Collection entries

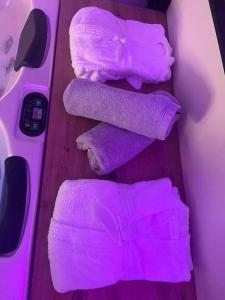 un groupe de serviettes violettes et une paire de ciseaux dans l'établissement Appartement jacuzzi - Love Room, à Lyon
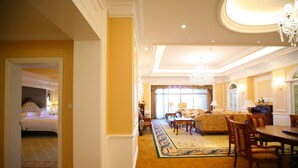 A hotel room with a bed, a sitting area with a sofa and chairs, a dining table, and a chandelier. - Anqing Country Garden Phoenix Hotel (Anqing)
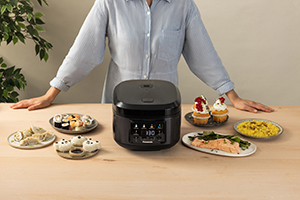 Person in the background with a table full of various steamed rice dishes in the foreground.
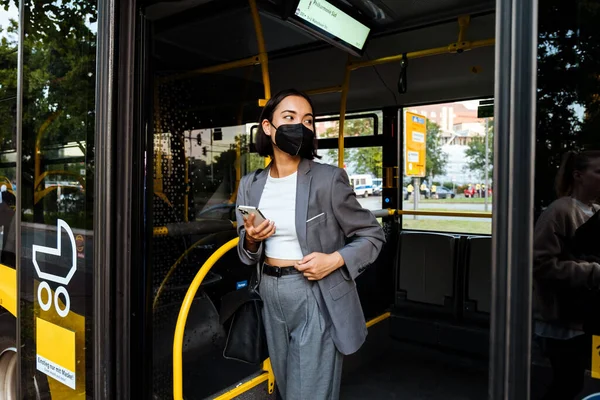 Młoda Azjatka Masce Medycznej Smartfonem Ręku Spoglądającym Bok Stojąc Autobusie — Zdjęcie stockowe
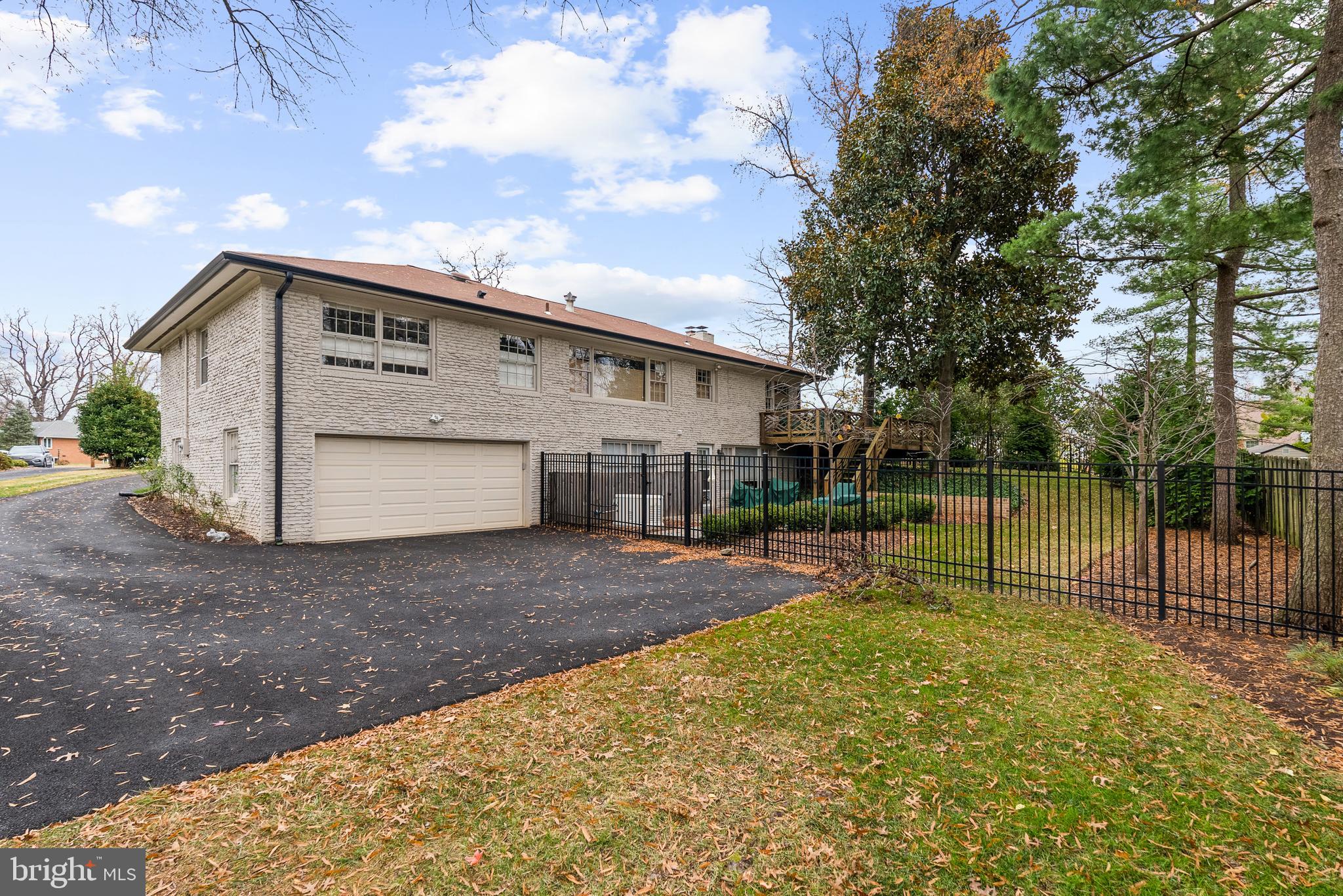 1101 Gatewood Drive Alexandria, VA 22307 - Photo 62 of 63 a view of an house with backyard space and a tree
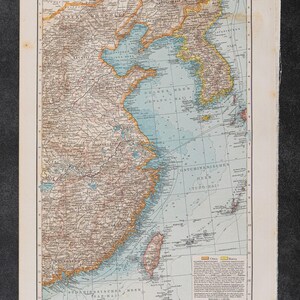 May include: An antique printed map titled Ostchina und Korea, featuring detailed topography of East China, the Korean Peninsula, and surrounding seas. The map uses muted earth tones for landmasses and light blue for water, with a legend in the corner.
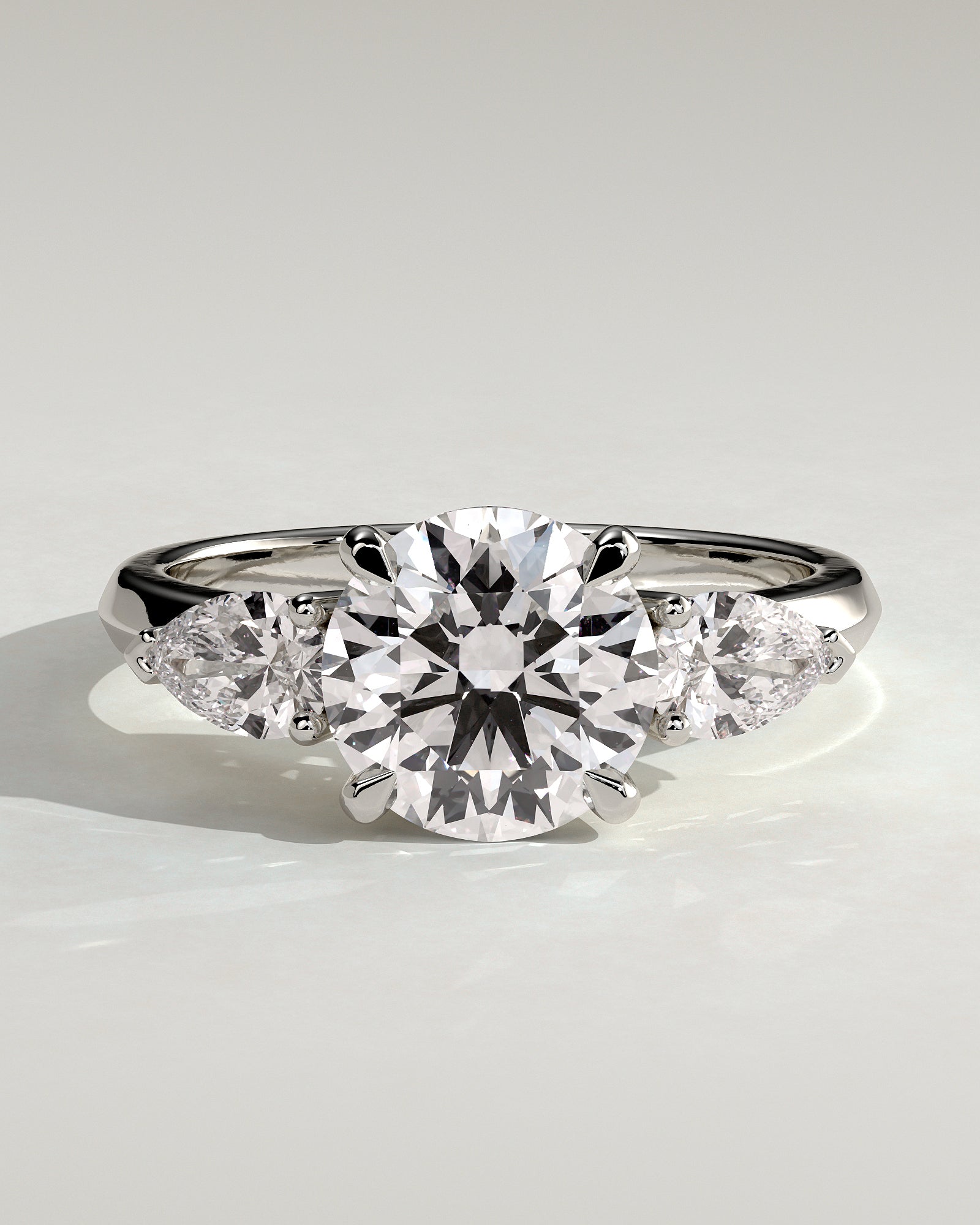 Halle - Round Claw Trilogy with Pear Side Stones and Knife Edge Band Engagement Ring - Platinum - White Gold / Platinum 2ct
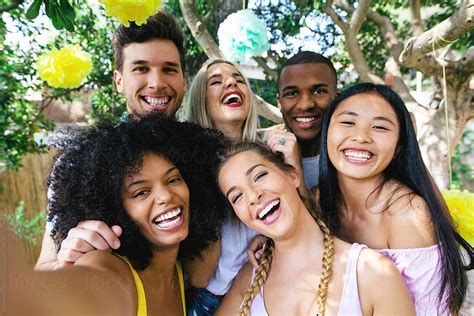 Happy Friends Taking A Selfie In A Summer Party By Stocksy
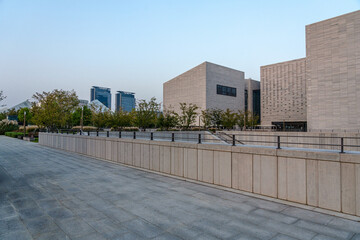 Fototapeta premium Stunning Urban Architecture with Contemporary Design and Serene Landscape Elements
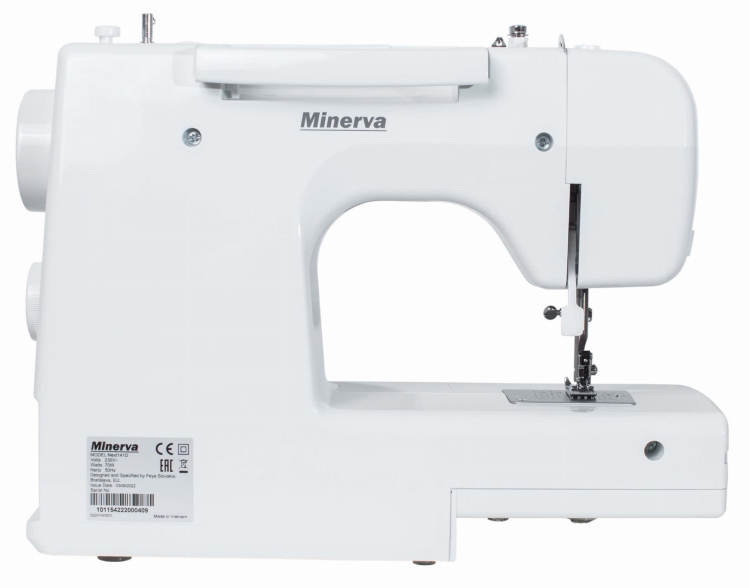Maszyna do szycia Minerva Next 141D II w kolorze białym. Widok z boku, pokazujący igłę, stopkę oraz pokrętła do regulacji. Na obudowie widoczne logo Minerva oraz etykieta z informacjami technicznymi. Prosty design, kompaktowy kształt.
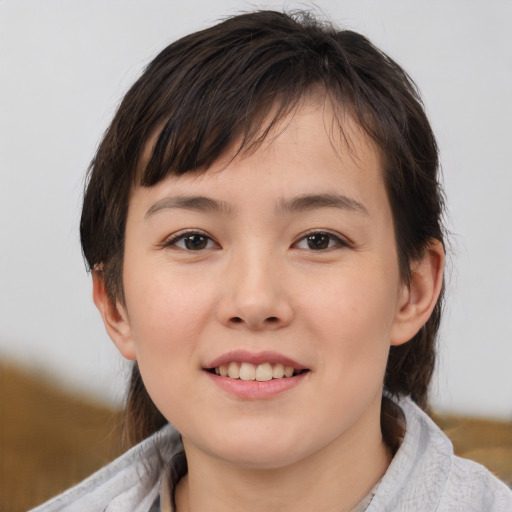 Joyful white child female with medium  brown hair and brown eyes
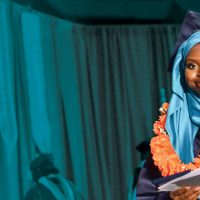 Graduate in front of a turquoise curtain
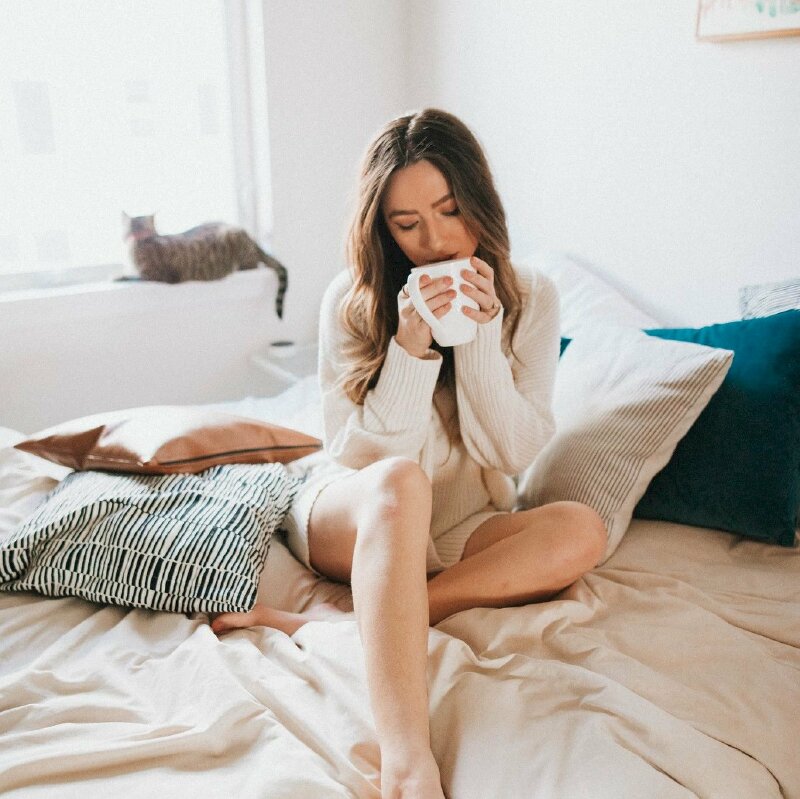 Tạo dáng ngồi thưởng thức cafe trên giường của cô gái tr3 với tư thế ngồi tự nhiên, một chân co gối, 2 tay nâng cốc cafe đưa lên miệng, đầu hơi cúi, mắt nhắm nhẹ tạo nét thưởng thức rất chill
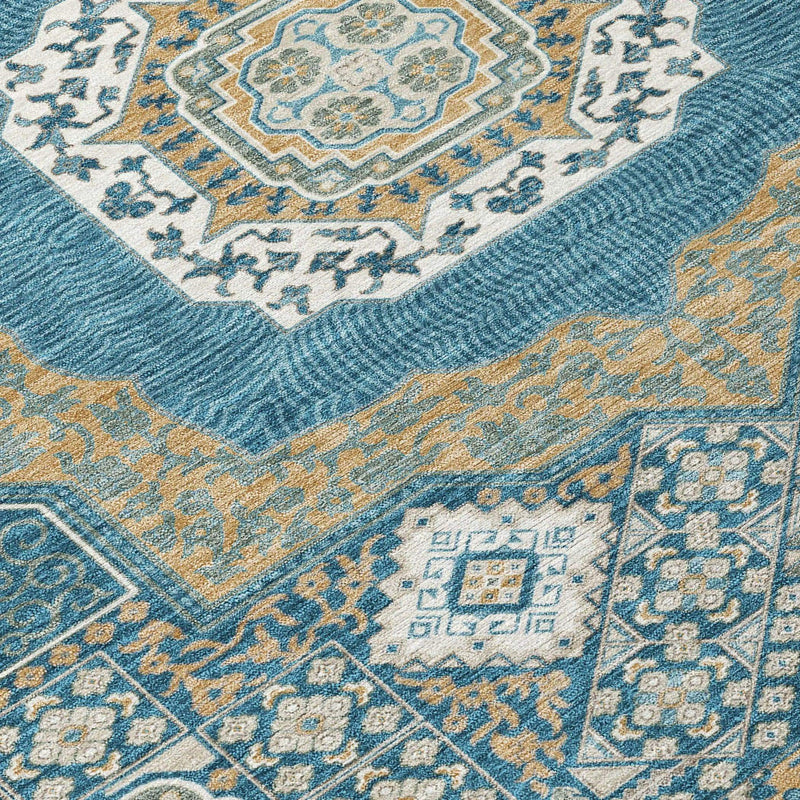 Blue and gold geometric patterned area rug, made of soft fabric, adds elegance to any room decor.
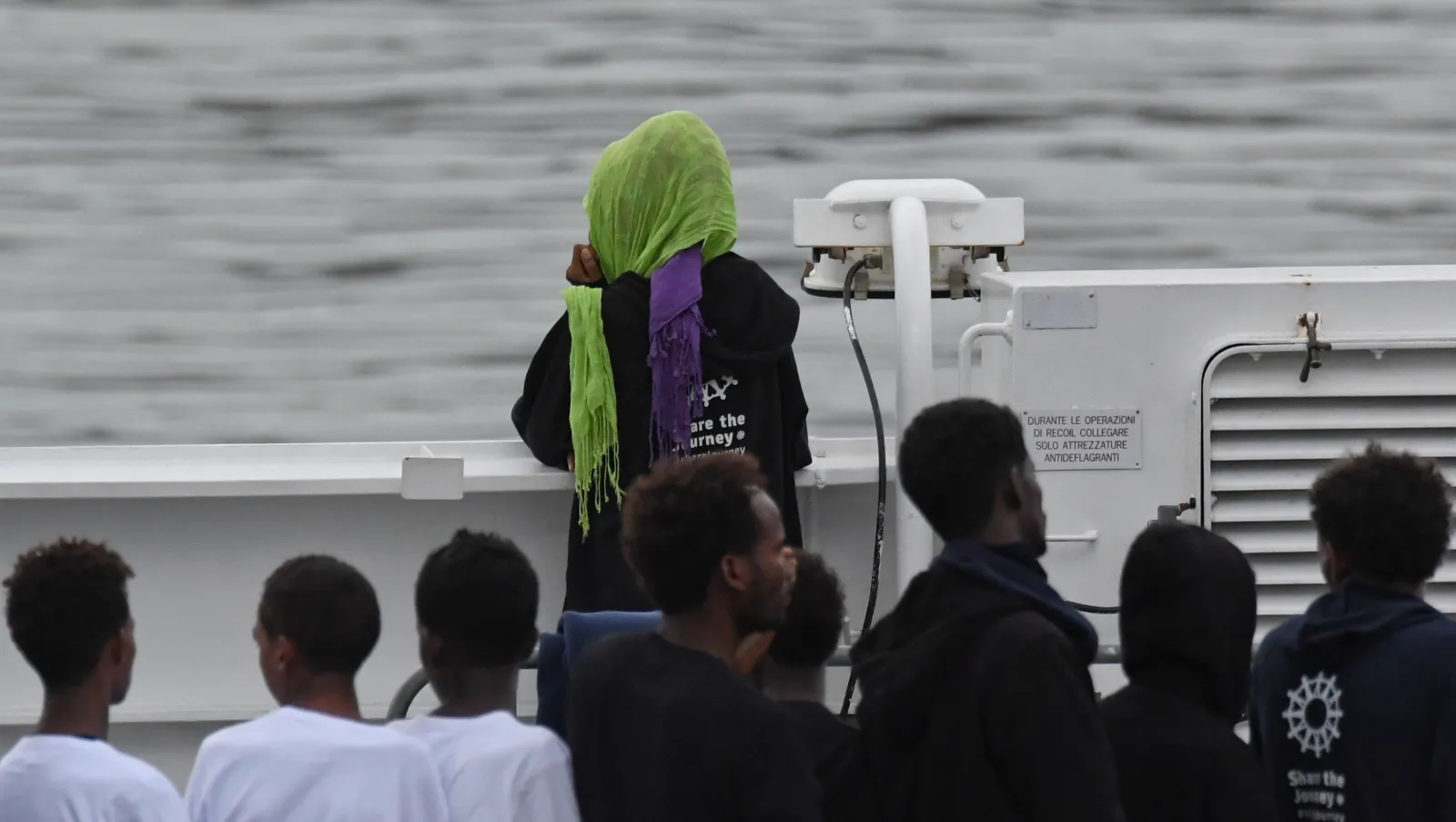 Migrants stand on the deck of the Italian Coast Guard ship Diciotti, moored at the Catania harbor, on August 21, 2018. (AP Photo/Salvatore Cavalli)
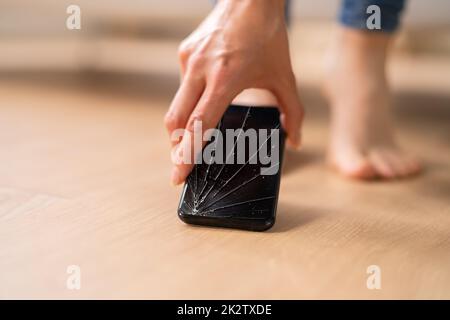 Woman Picking Up Damaged Mobile Phone Stock Photo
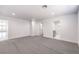 Carpeted living room provides entry to bathroom, bedroom, and outdoor access at 4774 San Sebastian Ave, Las Vegas, NV 89121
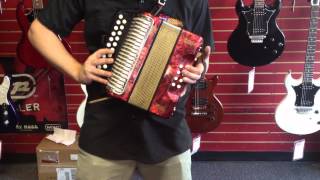 Luke testing out a Hohner Erica Accordion.mov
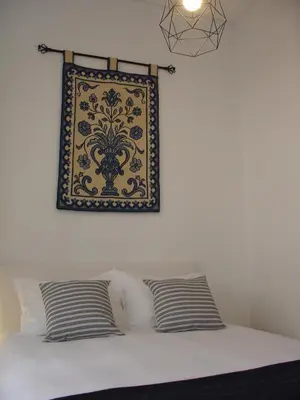 a picture hanging above a bed with two pillows at Downtown Historical Apartment in Porto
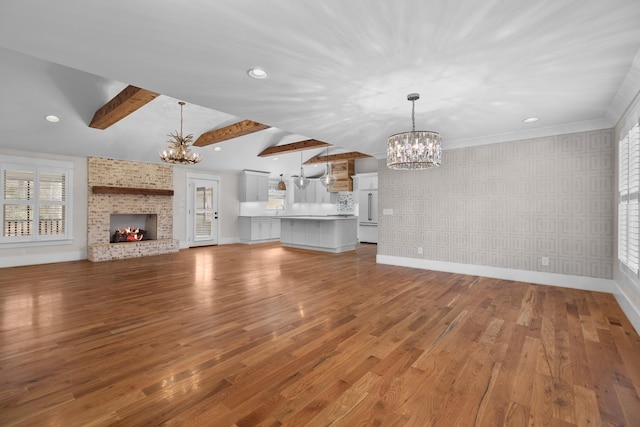 unfurnished living room with baseboards, wallpapered walls, an inviting chandelier, beam ceiling, and a brick fireplace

• AIM OF THE EXERCISE: Repeat exactly the lines above, beginning at the one containing "A hotel room" and ending at the one containing "May include: An". Do not carry over any pictures.

• EXERCISE RESULT:
 A hotel room with a bed, a sitting area with a sofa and chairs, a dining table, and a chandelier. - Anqing Country Garden Phoenix Hotel (Anqing)
 Person in the background with a table full of various steamed rice dishes in the foreground.
 Młoda Azjatka Masce Medycznej Smartfonem Ręku Spoglądającym Bok Stojąc Autobusie — Zdjęcie stockowe
 1101 Gatewood Drive Alexandria, VA 22307 - Photo 62 of 63 a view of an house with backyard space and a tree
 May include: An antique printed map titled Ostchina und Korea, featuring detailed topography of East China, the Korean Peninsula, and surrounding seas. The map uses muted earth tones for landmasses and light blue for water, with a legend in the corner.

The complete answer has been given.